- _RECORDS FOR PROCESSING_:
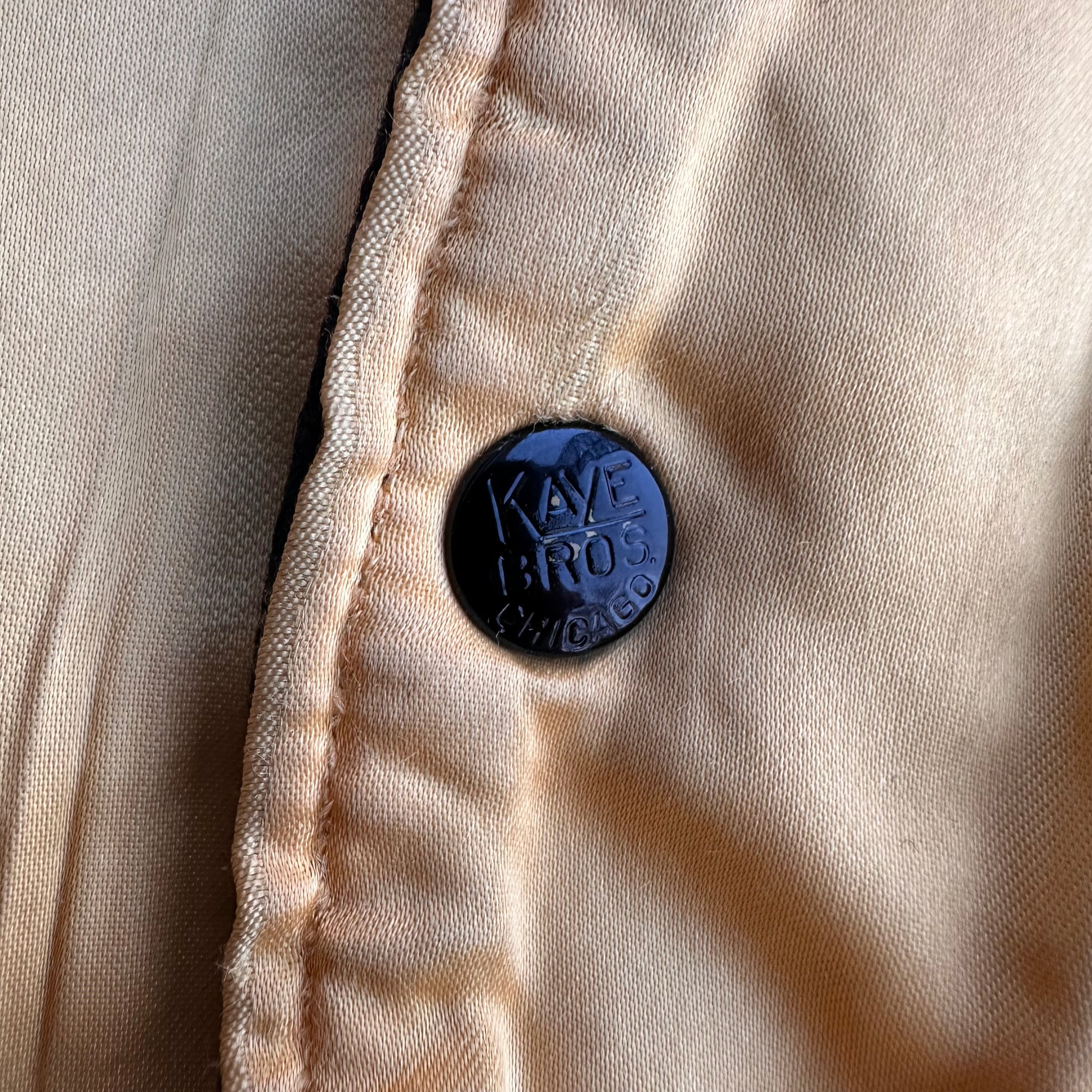 1950’s Black and Yellow Reversible Wool/Satin Varsity Jacket Large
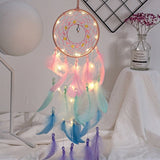 Feather Dream Catcher, Pink, Mint, Lavender, Blue, Dreamcatcher Large Nursery Wall Hanging Decor, Fairy Lights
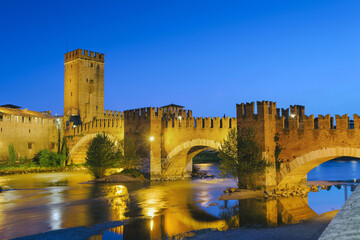 Verona, Italy - Panorama of Castelvecchio Castle, on the banks of the Adige river, in the evening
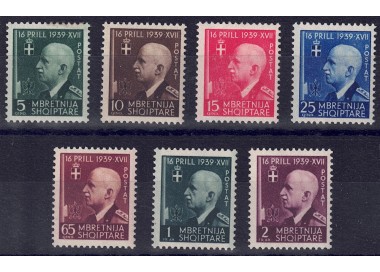 ALBANIA (ITALIAN WEST) 1942 Italo-Albanian Union 7v MNH**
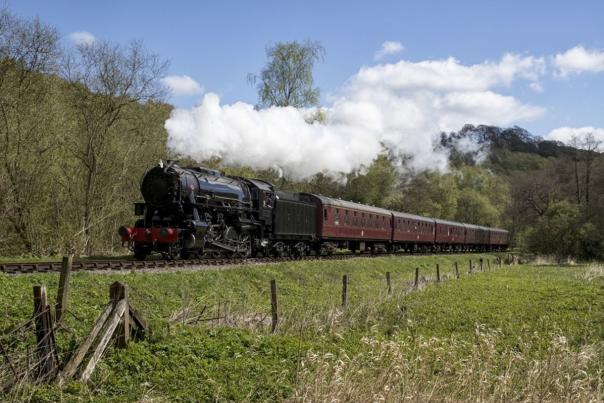 Steam train through Staffordshire Countryside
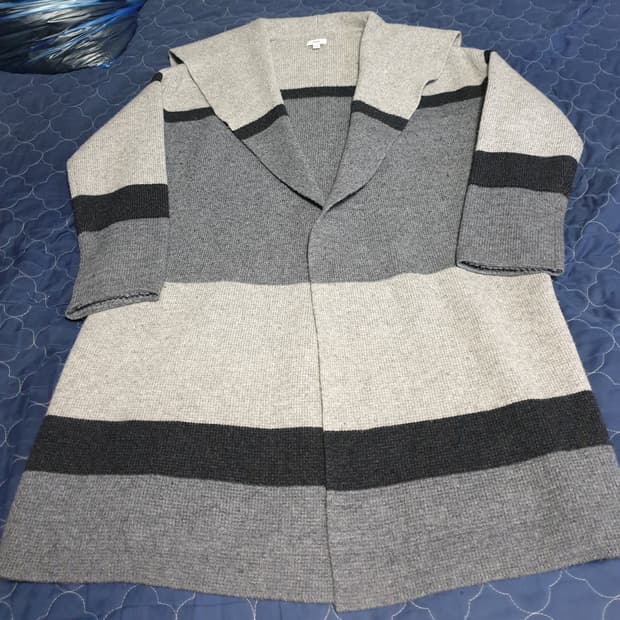 VINCE 빈스 캐시미어 울 버튼리스 하이넥 롱가디건 그레이 (S)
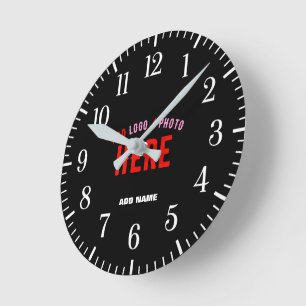STYLISH MODERN CUSTOMIZABLE BLACK VERIFIED BRANDED ROUND CLOCK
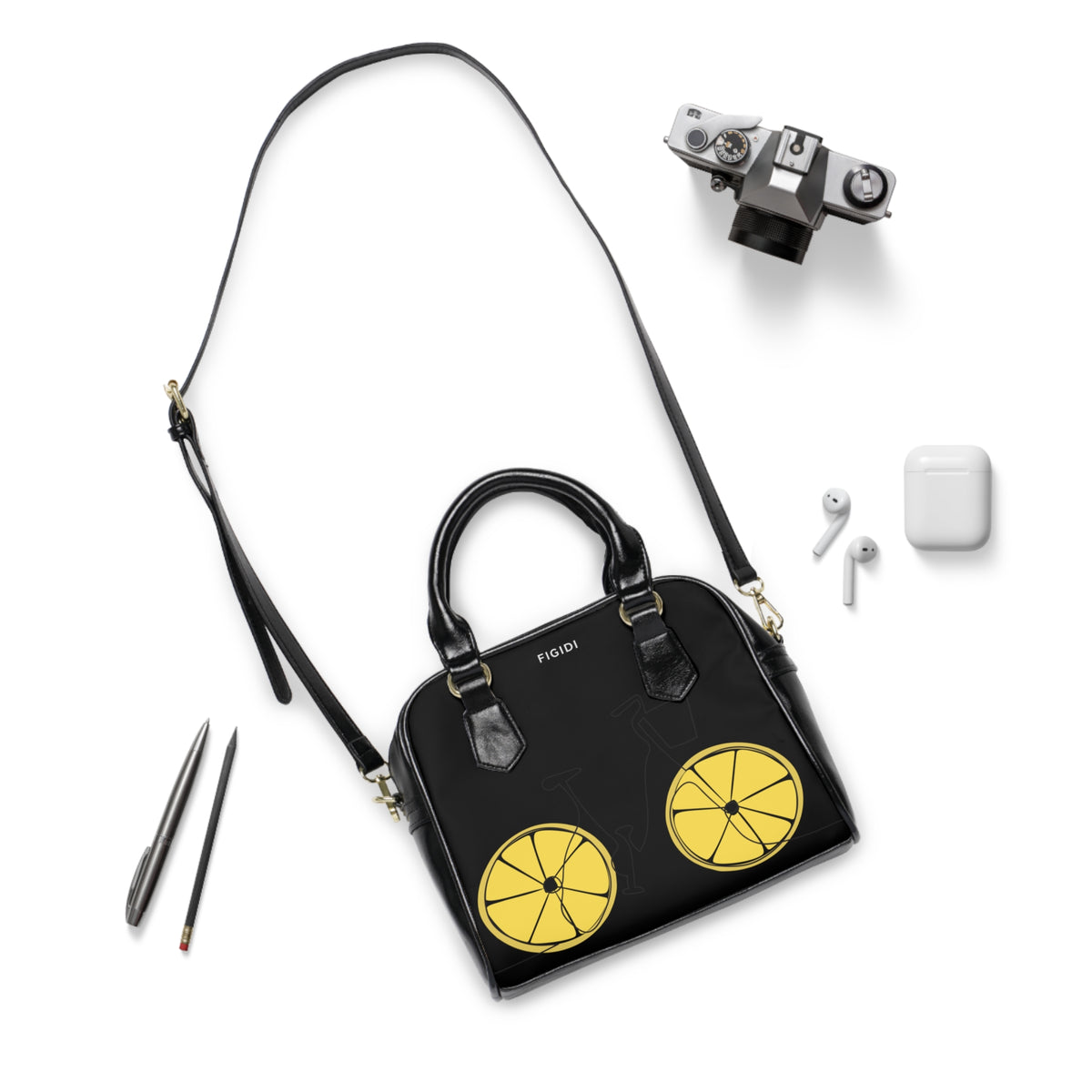 Shoulder Handbag — Black Lemon Slice Tote Bag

- _WHAT IS EXPECTED_: Transcribe all the lines above exactly; any image among them is skipped.

- _REPLY TO THE EXERCISE_:
 1950’s Black and Yellow Reversible Wool/Satin Varsity Jacket Large
 Feather Dream Catcher, Pink, Mint, Lavender, Blue, Dreamcatcher Large Nursery Wall Hanging Decor, Fairy Lights
 Verona, Italy - Panorama of Castelvecchio Castle, on the banks of the Adige river, in the evening
 ALBANIA (ITALIAN WEST) 1942 Italo-Albanian Union 7v MNH**
 Steam train through Staffordshire Countryside
 VINCE 빈스 캐시미어 울 버튼리스 하이넥 롱가디건 그레이 (S)
STYLISH MODERN CUSTOMIZABLE BLACK VERIFIED BRANDED ROUND CLOCK
 Shoulder Handbag — Black Lemon Slice Tote Bag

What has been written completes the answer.